EXTRACTED INFORMATION Block Start
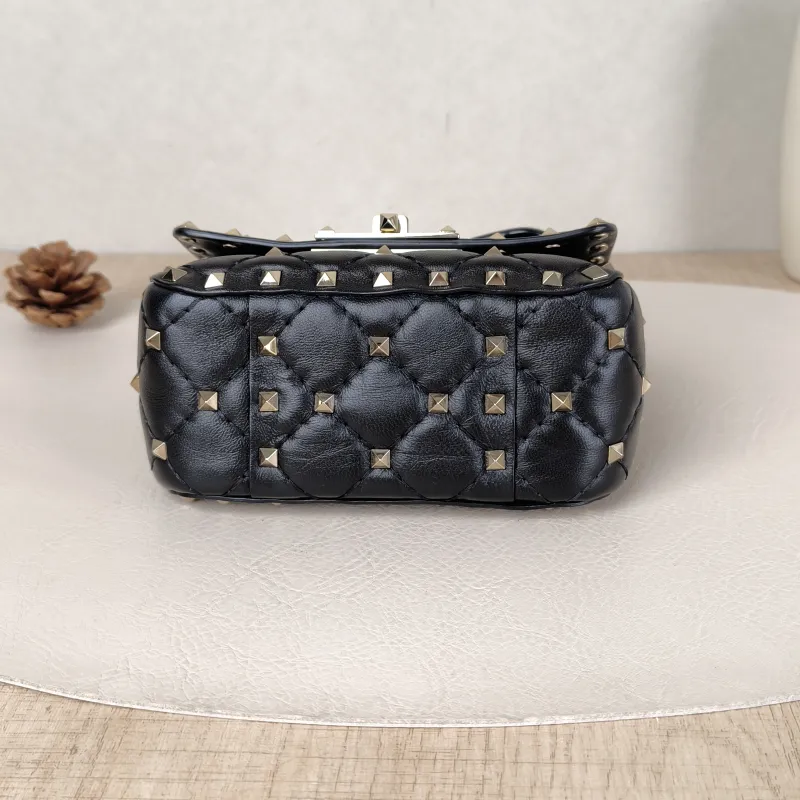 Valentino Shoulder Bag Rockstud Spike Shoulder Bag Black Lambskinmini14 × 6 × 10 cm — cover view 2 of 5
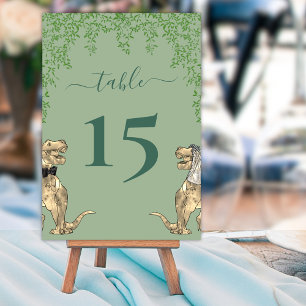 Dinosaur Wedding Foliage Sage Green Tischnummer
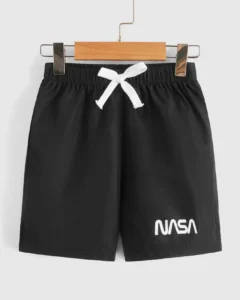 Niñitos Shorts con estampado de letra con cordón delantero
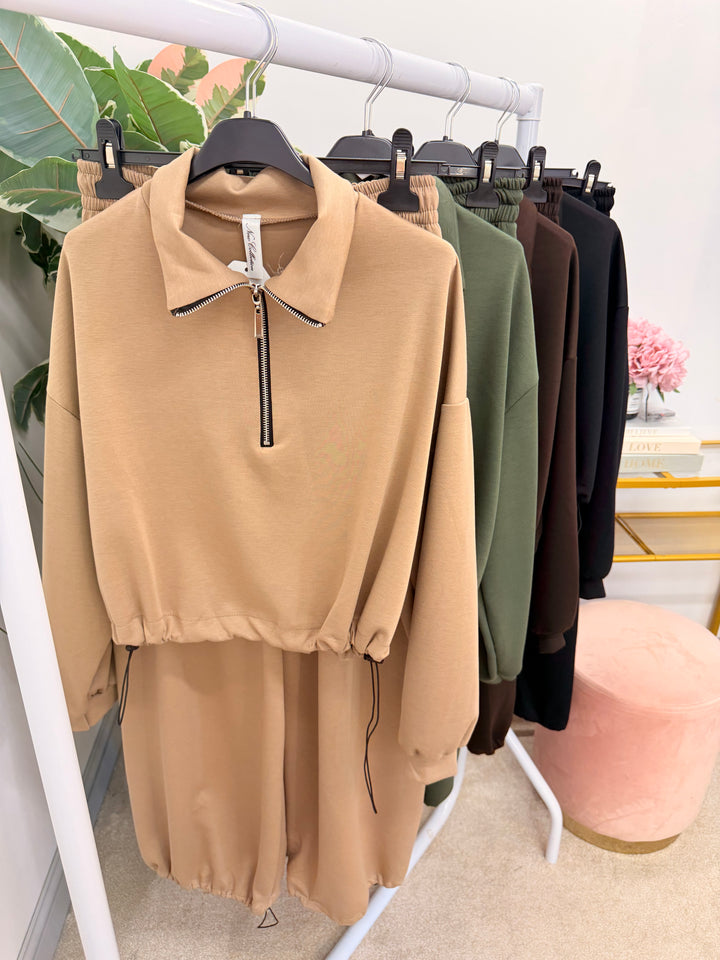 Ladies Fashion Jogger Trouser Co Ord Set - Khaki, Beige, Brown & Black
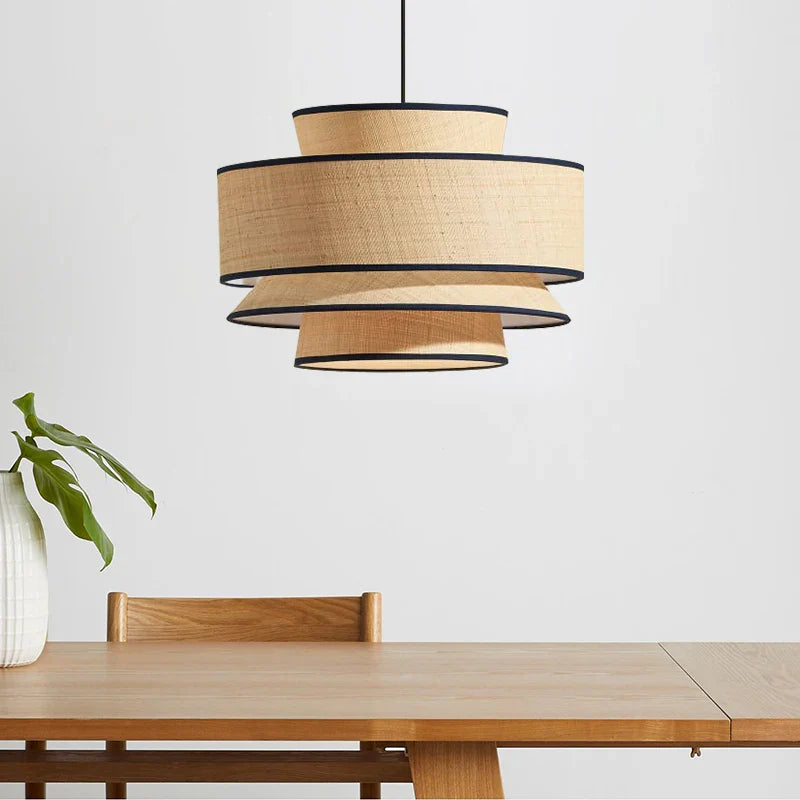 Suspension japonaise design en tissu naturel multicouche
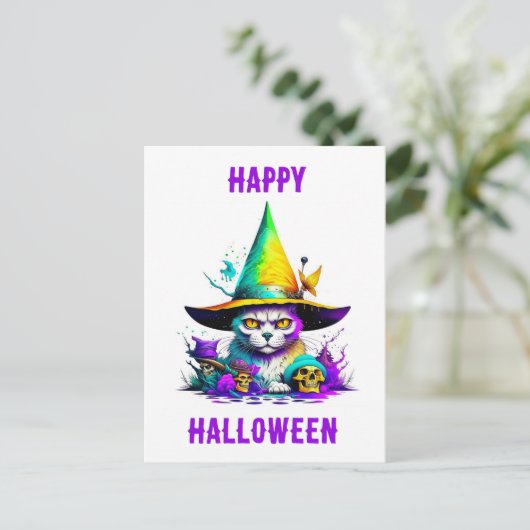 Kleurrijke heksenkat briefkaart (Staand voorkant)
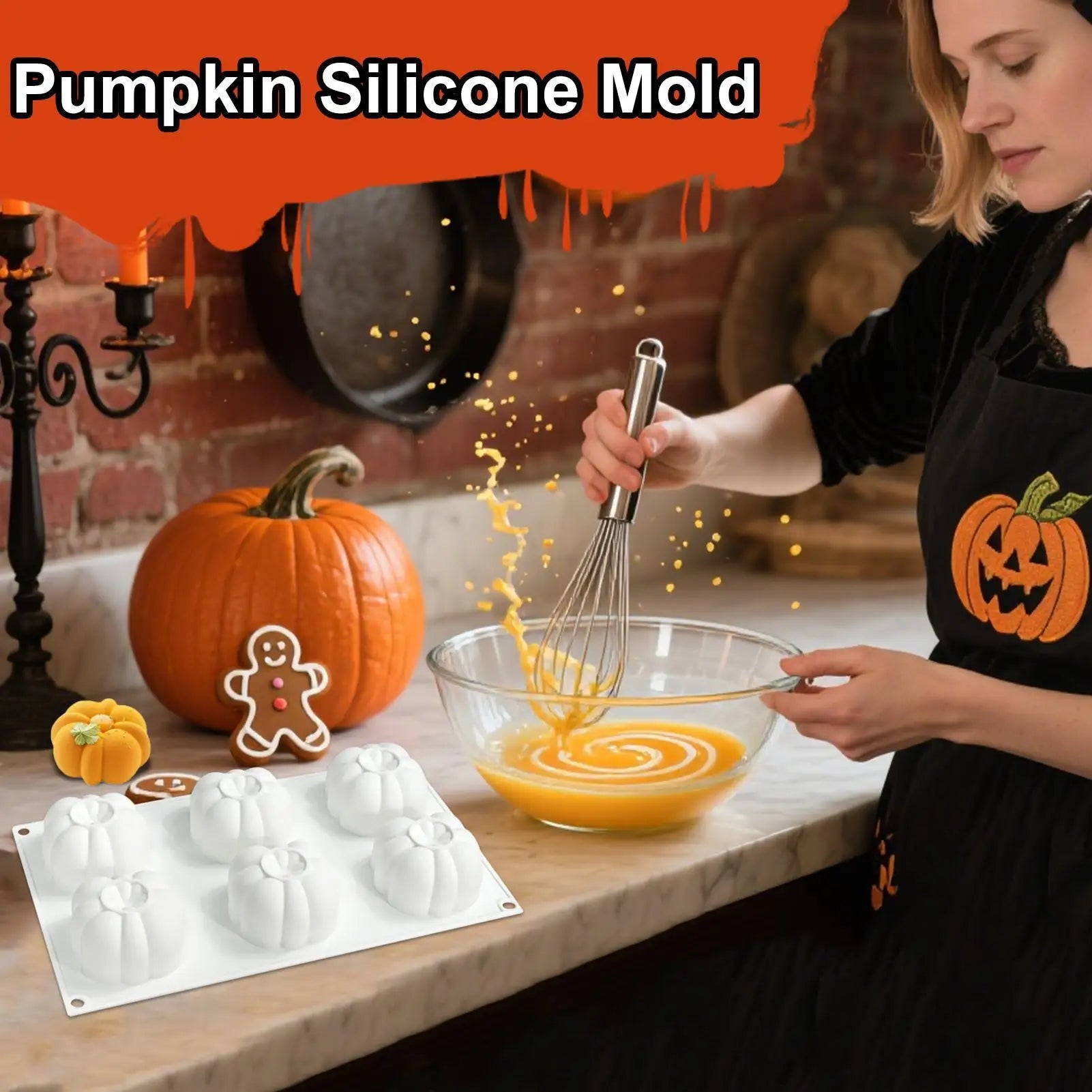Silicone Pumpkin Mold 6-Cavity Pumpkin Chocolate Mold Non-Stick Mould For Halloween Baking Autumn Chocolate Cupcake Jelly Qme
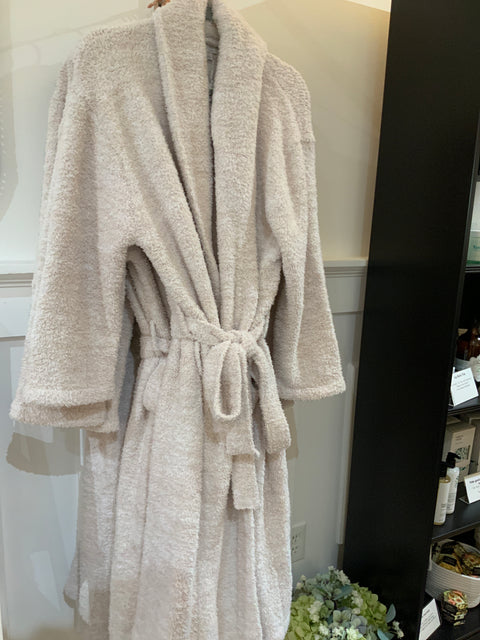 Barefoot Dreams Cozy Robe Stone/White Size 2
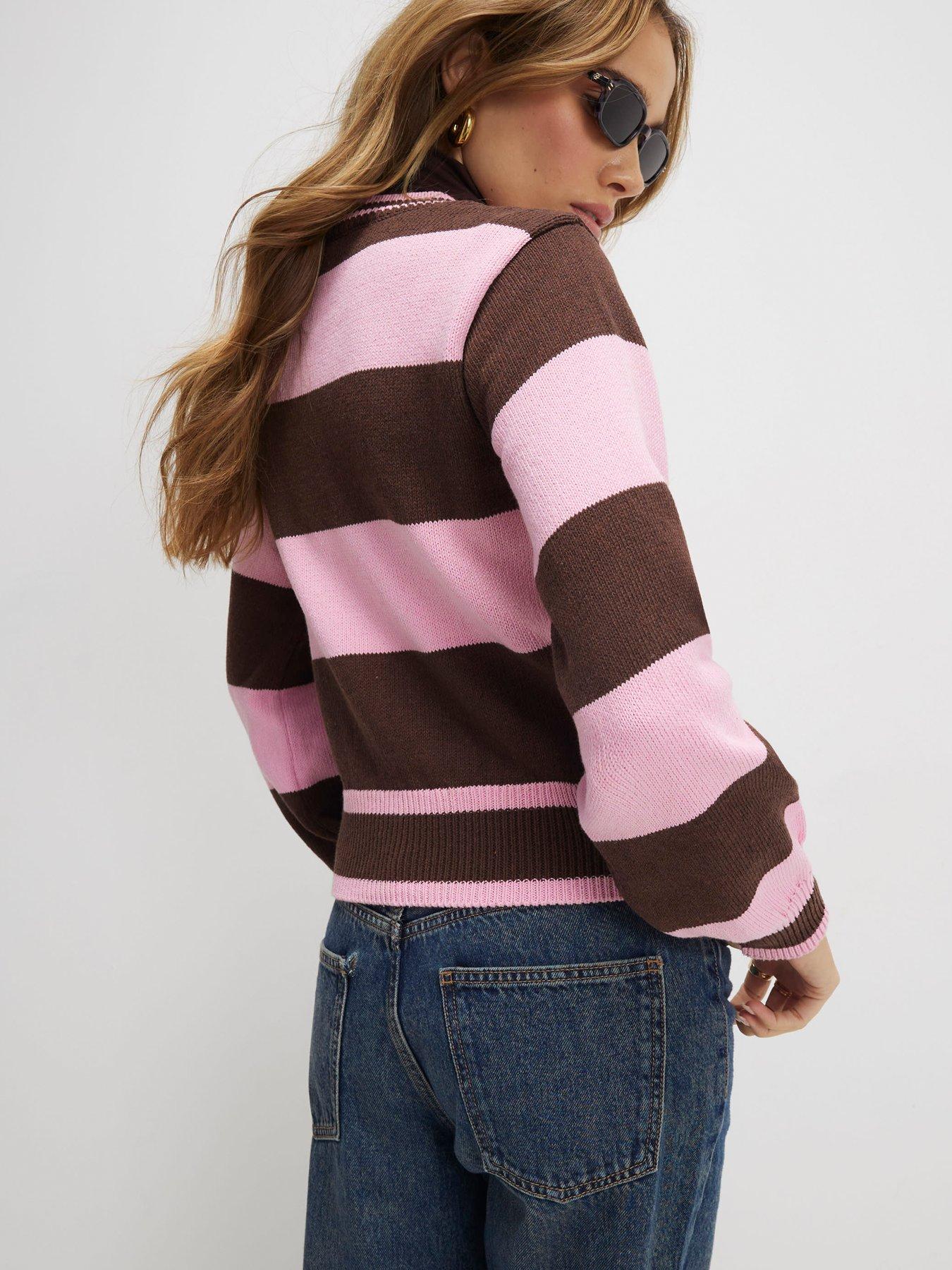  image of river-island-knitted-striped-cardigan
EXTRACTED INFORMATION Block End
- **EXERCISE REQUIREMENTS**: Verbatim transcription needed, from the opening line of the entries above through the line containing "Ladies Fashion Jogger"; pictures do not belong in it.

- **EXERCISE SOLUTION**:
 Valentino Shoulder Bag Rockstud Spike Shoulder Bag Black Lambskinmini14 × 6 × 10 cm — cover view 2 of 5
 Dinosaur Wedding Foliage Sage Green Tischnummer
 Niñitos Shorts con estampado de letra con cordón delantero
 Ladies Fashion Jogger Trouser Co Ord Set - Khaki, Beige, Brown & Black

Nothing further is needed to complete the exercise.